Employee retention. Tending goes a long way in mitigating the “workers as machines” phenomenon common in industries requiring billable hours or sales quotas. Further, it makes employees “sticky” to an organization.

But keeping the best employees takes more than the one-size-fits all approach of many HR departments; instead, they rely on the finer interventions of individual managers and colleagues. Steve Lopez, Vice President at Manpower, urges companies to invest in retention strategies just as they do in their brand, tailoring strategies to employees’ unique needs.

Without such one-on-one coaching, according to HBS Professor David Thomas, “you’re likely to be blindsided by events they should have foreseen and in many cases fixed — such as the sudden departure of a star employee for greener pastures or, more commonly, a sense of discouragement that festers when someone believes, with reason, that the organization is not in his or her corner.”

Employee engagement. Employee engagement is one of the top three concerns of most HR professionals, according to the Society for Human Research Management (SHRM)’s 2015 Globoforce Employee Recognition Survey. They’re not just being nice. According to a 2006 SHRM report, increasing employee engagement not only saved one of Caterpillar’s European plants $8.8 million in decreased attrition, absenteeism, and overtime, it also drove a $2 million profit increase and 34% jump in highly satisfied customers. Adam Grant is correct to argue for the health and profitability of a friendship friendly environment. A 2013 HBR article by Christine Riordan likewise reported the many ways that workplace friendship increases job satisfaction and engagement. Employees who feel taken care of, who feel a sense of “family” are more engaged workers. They are willing to do more, take more personal initiative, and hence imbue the organization with momentum.

3. Assign value to the work.

The third and final step requires management to signal the value of the tending work that keeps their culture strong and employees present and engaged.

Cash value is one possibility: include tending activities in key assessments like annual reviews, raises, promotions, and partnership shares. Digitas had a pot of cash and gifts that a manager could apply for and use to reward team members (direct and indirect) who were doing extraordinary work.

Social capital also counts. Company, department, and team meetings are perfect opportunities to acknowledge employees who take on tending activities consistently.
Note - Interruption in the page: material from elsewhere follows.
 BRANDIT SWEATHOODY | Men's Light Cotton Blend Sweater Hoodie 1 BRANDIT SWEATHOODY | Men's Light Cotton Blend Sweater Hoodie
In large organizations where manager approaches and style can vary dramatically, institutionalizing tending as a core value of the culture can help to mitigate that variability and create accountability.

Both of our spouses follow the advice about being polite, always complimenting us on the dinners we cook for our respective families. Similarly, managers should compliment – and compensate – employees who do the office tending that nourishes every organization. As Martha argues in her book Love’s Promises, tending is not a gift that chief cooks and bottle washers on the home front lavish on their families with no thought of return, ever. Similarly, workers don’t spend all that time and effort on their organization out of pure altruism. The men and women who undertake the many acts of office tending every day – from agenda planning to managing an employee’s exit – do it because they care about one another and about the organization. Even a business that cares only about the bottom line short-changes itself as well as its employees if it persists in the belief that only customer caretaking counts. 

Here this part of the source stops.